== RECORDS SHOWN
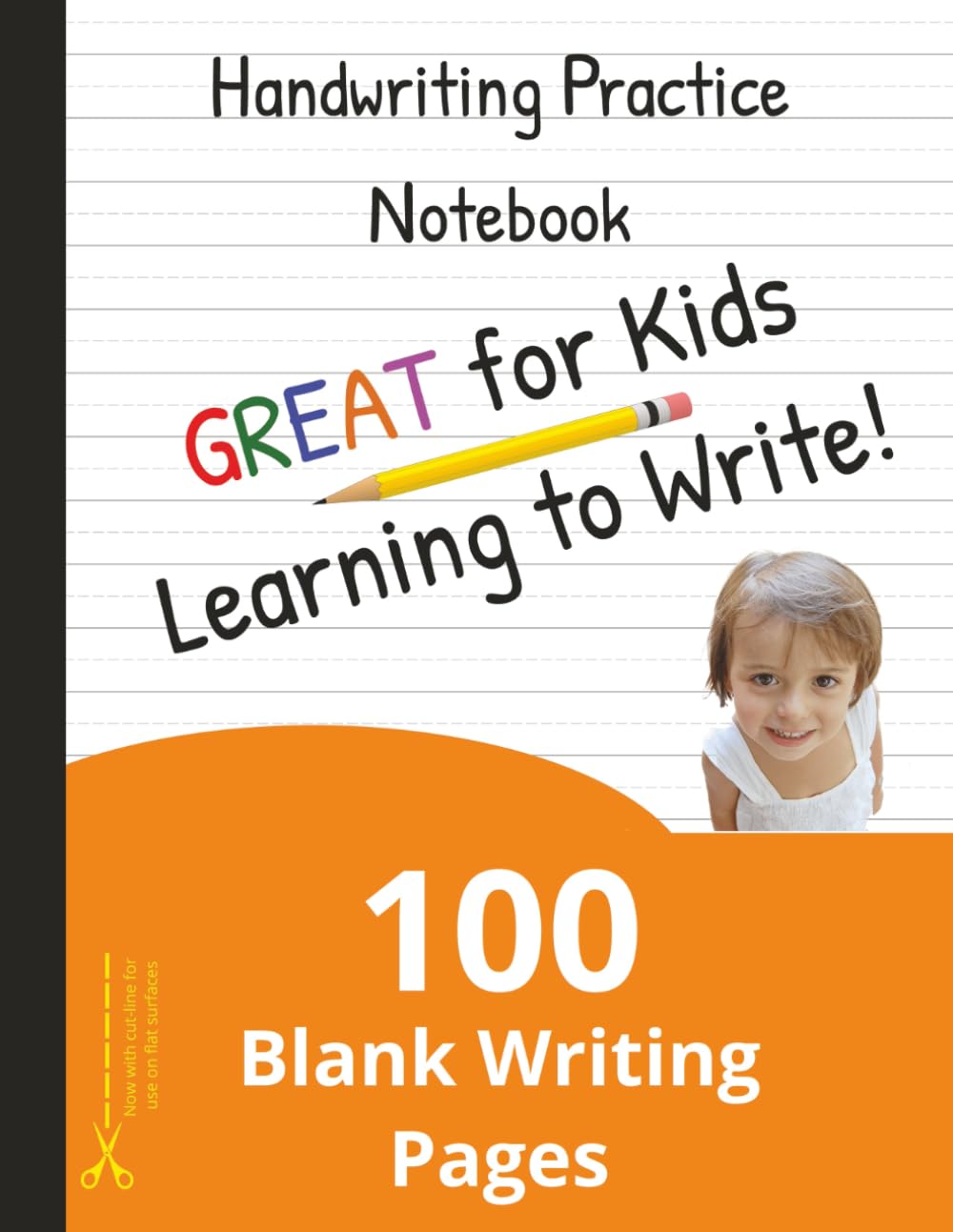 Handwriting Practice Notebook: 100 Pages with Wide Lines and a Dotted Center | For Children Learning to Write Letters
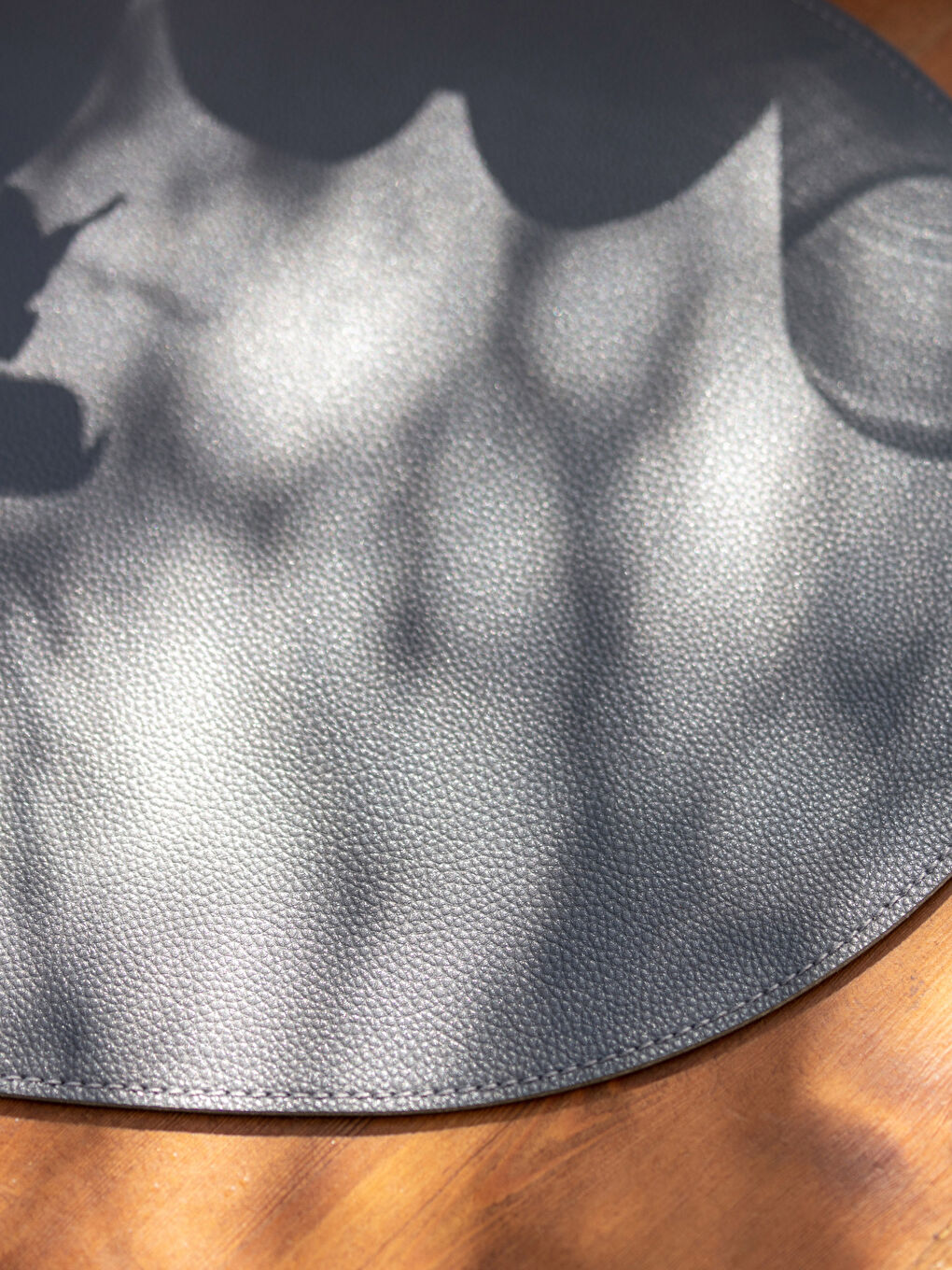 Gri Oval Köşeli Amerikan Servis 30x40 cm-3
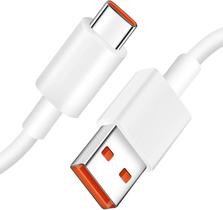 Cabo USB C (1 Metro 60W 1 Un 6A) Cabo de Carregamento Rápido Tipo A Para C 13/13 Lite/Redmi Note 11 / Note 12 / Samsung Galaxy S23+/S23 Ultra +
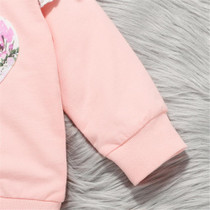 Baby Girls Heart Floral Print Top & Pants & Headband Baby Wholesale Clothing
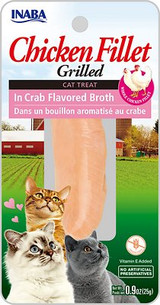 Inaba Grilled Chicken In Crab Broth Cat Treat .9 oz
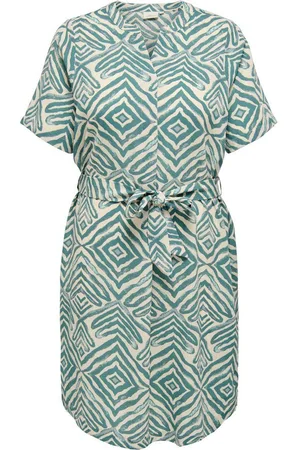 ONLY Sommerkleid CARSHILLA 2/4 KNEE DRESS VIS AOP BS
====
A faithful copy of the records above, without images, is what to give back.

■ **REPLY**
 Handwriting Practice Notebook: 100 Pages with Wide Lines and a Dotted Center | For Children Learning to Write Letters
 Gri Oval Köşeli Amerikan Servis 30x40 cm-3
 Cabo USB C (1 Metro 60W 1 Un 6A) Cabo de Carregamento Rápido Tipo A Para C 13/13 Lite/Redmi Note 11 / Note 12 / Samsung Galaxy S23+/S23 Ultra +
 Baby Girls Heart Floral Print Top & Pants & Headband Baby Wholesale Clothing
 Inaba Grilled Chicken In Crab Broth Cat Treat .9 oz
 ONLY Sommerkleid CARSHILLA 2/4 KNEE DRESS VIS AOP BS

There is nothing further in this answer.